Ich habe circa eine Woche gebraucht, bis meine schlechte Laune endlich verpufft war. Man muss eine Stadt nehmen, wie sie ist, und irgendwann habe ich beschlossen, es einfach so zu machen wie die Barcelonesen: alle Fenster weit auf, den Krach als unterhaltsamen Soundtrack betrachten und bei Gelegenheit entspannt zurücklärmen. Dann kriegt meine Nachbarin von gegenüber jetzt halt als Antwort auf ihre beschissene Autoscooter-Musik eine Ladung Thelonious Monk retourniert, bestimmt nicht minder nervig für sie.

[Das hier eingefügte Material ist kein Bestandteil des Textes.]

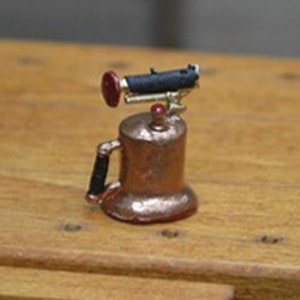 May include: A miniature copper-colored antique-style telephone with a black receiver and a red button on the top.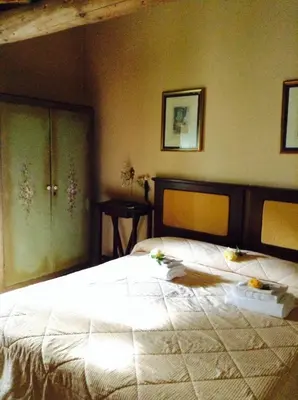 Letto o letti in una camera di Agriturismo Il Gelso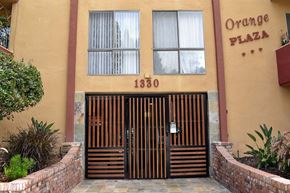 Los Angeles apartment for rent - the entrance to an orange plaza building with a gate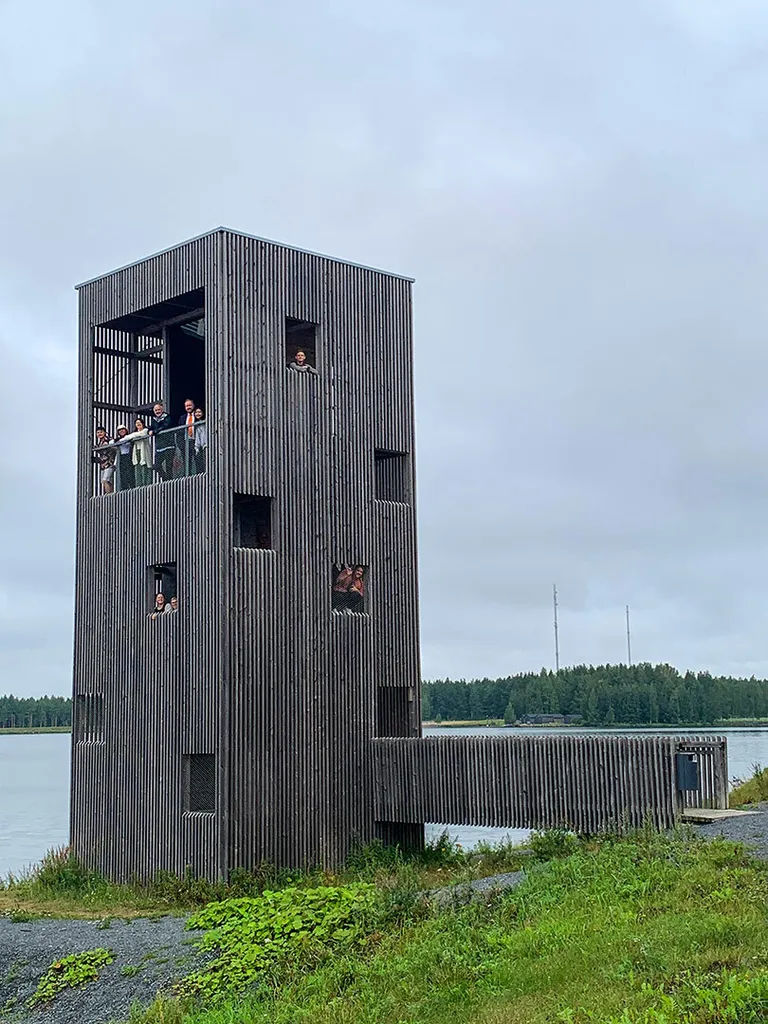 students peek out of unique structure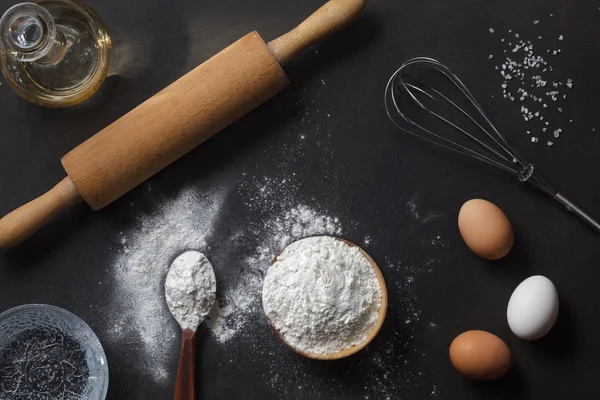 Mjöl och ingredienser på svart bord — Stockfoto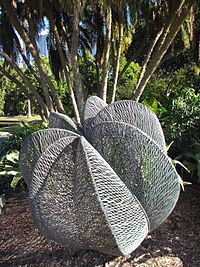 Una escultura de cobre que se comprende de siete segmentos forjados de un cable ondulado de cobre, parado detrás de un grupo de palmeras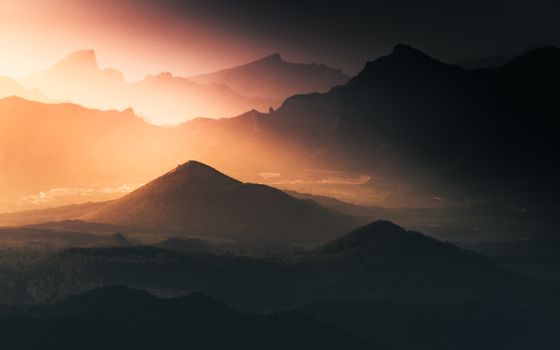 A stunning sunset over the mountains of Santa Cruz de Tenerife, Spain, with dramatic lighting and silhouettes.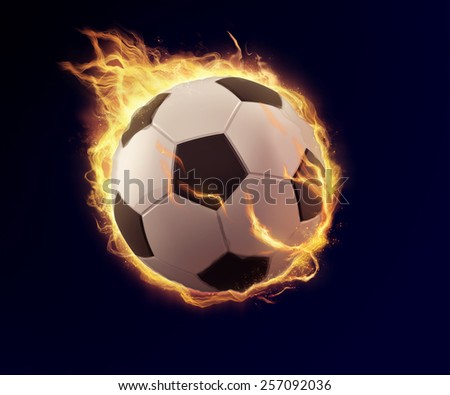 soccer ball or football on fire, football in orange flame can be use in extreme sport title or print ad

Nur zur Siestazeit zwischen zwei und vier ist die Carrer d’En Boquer demilitarisierte Zone, und auch das habe ich schnell gelernt: wie nett so ein Schläfchen am helllichten Tag ist. Anfangs hatte ich ernsthaft erwogen, in ein ruhigeres Quartier umzuziehen, jetzt denke ich nicht mehr daran. Wenn man in zehn Minuten Fußentfernung einen traumhaften Park (La Ciutadella), zwei Märkte (Santa Caterina und La Boqueria), drei Kathedralen und ein Meer erreicht, soll man still die Hände falten und das Schicksal preisen. Das geht einfach nicht besser in einer europäischen Innenstadt.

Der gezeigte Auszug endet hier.